Generally speaking, most students go to college because they want to further their education and increase their future job prospects, which I do too, but I also go to school as a distraction. A distraction from all of the pain that I am in and all of the parts of my body that have decided to rebel against me. I use my classes and classwork to some degree as an escape, a way to not have to think about it. But of course, that’s easier said than done. Every day I must attempt to override my natural inclination to look really angry all the time – even though I’m not angry, my legs just hurt. Every day I must keep my cool as other students and professors look me up and down, eye my cane and ask, “oh what happened?” These situations place immense pressure to stay peppy and perky, no matter what, because you don’t want to come off as rude or bitter.

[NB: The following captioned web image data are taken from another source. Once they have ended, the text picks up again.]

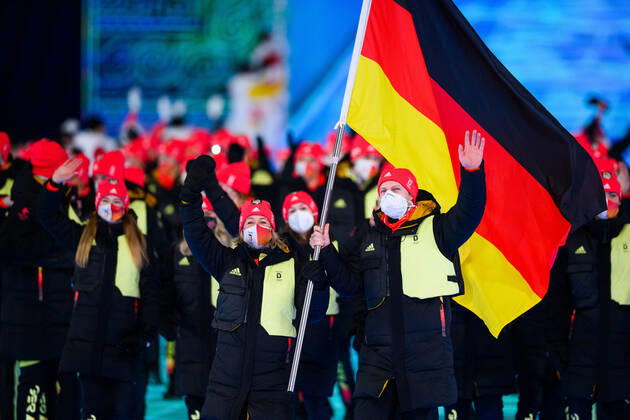 220204 Flag bearers Claudia Pechstein and Francesco Friedrich of Germany during the Opening Ceremony of the 2022 Winter Olympics on February 4, 2022 in Beijing Photo Maxim Thore BILDBYRAN kod MT JM0268 bbeng olympic games olympics winter olympics os ol olympiska spel vinter os olympiske leker peking peking 2022 beijing 2022 beijing 2022 olympic games beijing 2022 winter olympic games peking os beijing ol vinter ol inauguration inauguration ceremony opening ceremony,  Copyright: MAXIMxTHORE BB220204MT089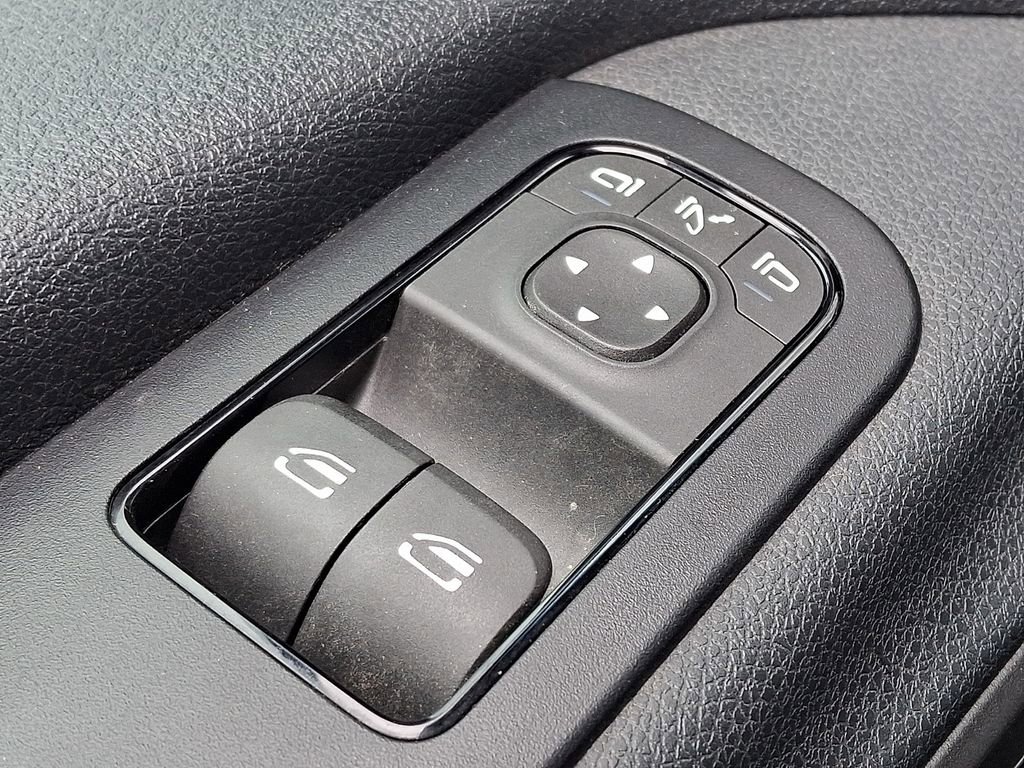 Used 2024 Mercedes-Benz Sprinter 2500 image 25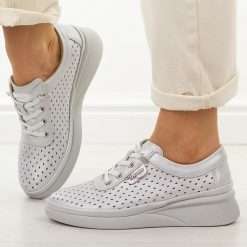 Szare ażurowe skórzane półbuty damskie Vinceza 79603. Szare półbuty damskie VINCEZA, na jesień, w ażurowe wzory, z jeansu, bez obcasa, na płaskiej podeszwie, bez zapięcia. Za 219.00 zł.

But this being my mode, throw myself into my work and pretend that everything is fine, leads to two outcomes. One is where people are telling you that you’re an inspiration left and right and you really have no idea what you’re supposed to say back in response, and then feel like you now can’t slip up. Show no weakness. That whole thing from Frozen, “conceal, don’t feel, don’t let them know.” It makes you feel like you have no place in being truthful about how much the workload takes its toll, how little you get to do outside of your schoolwork because it takes so long to do everything that your professors ask you to. The second outcome is that people pretend the disability is not there. You seem fine, so you must be fine. It’s the other side of the “invisible illness” coin. On the one side, people get upset with you because “you don’t look sick,” but on this side, people don’t even react. There is no modification of behavior to understand the disability. Just because I can do this, does not mean that I can do everything else. And this can make you feel torn: Do I tell them I can’t do it because of my illness, or do I struggle through it anyway because I don’t want people to think I am “weak” or question the other things I can do? I’m guessing many of us might choose the second option.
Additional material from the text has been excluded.